## Exercise objective
In the records below, find the line that contains "透け感を味方にする、レースシアートップス シアー ハイネック" and the line that contains "Vintage Tooled leather Clutch", then retype exactly those two lines and every line between them.
Supplied data section start
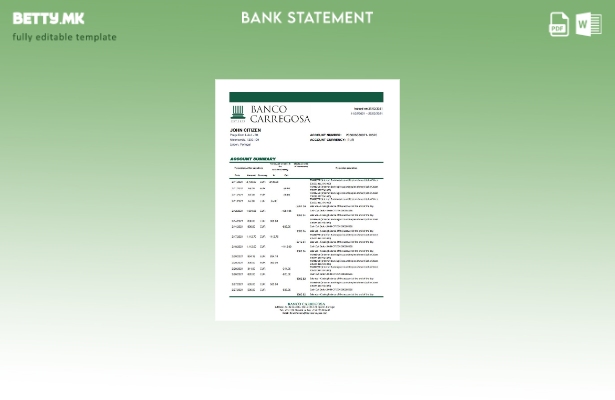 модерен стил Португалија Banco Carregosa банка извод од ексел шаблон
Supplied data section end
Supplied data section start
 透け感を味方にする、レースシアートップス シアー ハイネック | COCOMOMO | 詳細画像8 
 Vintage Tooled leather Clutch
Supplied data section end
Supplied data section start
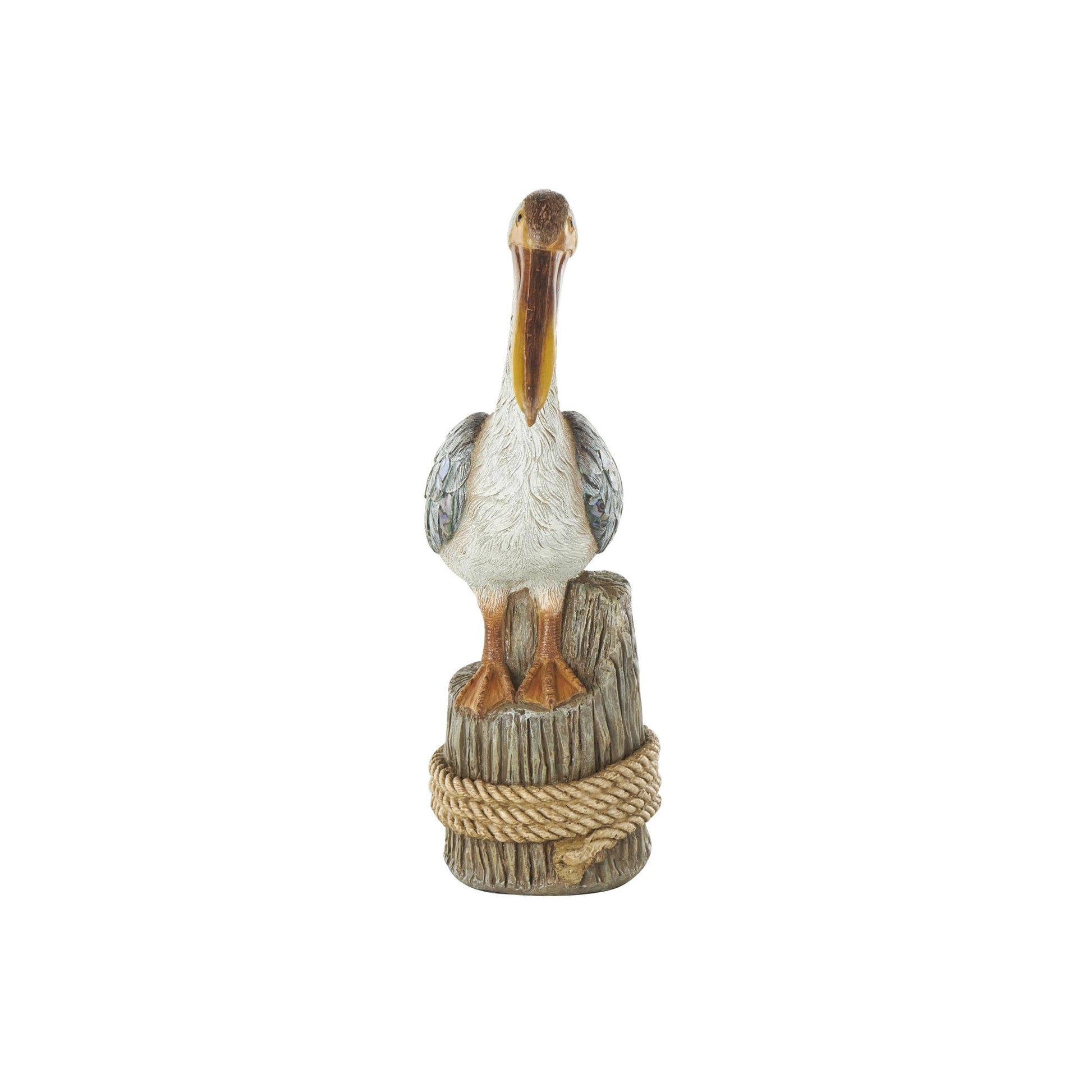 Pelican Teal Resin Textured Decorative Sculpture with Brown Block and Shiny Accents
Supplied data section end
## Response for this exercise
 透け感を味方にする、レースシアートップス シアー ハイネック | COCOMOMO | 詳細画像8 
 Vintage Tooled leather Clutch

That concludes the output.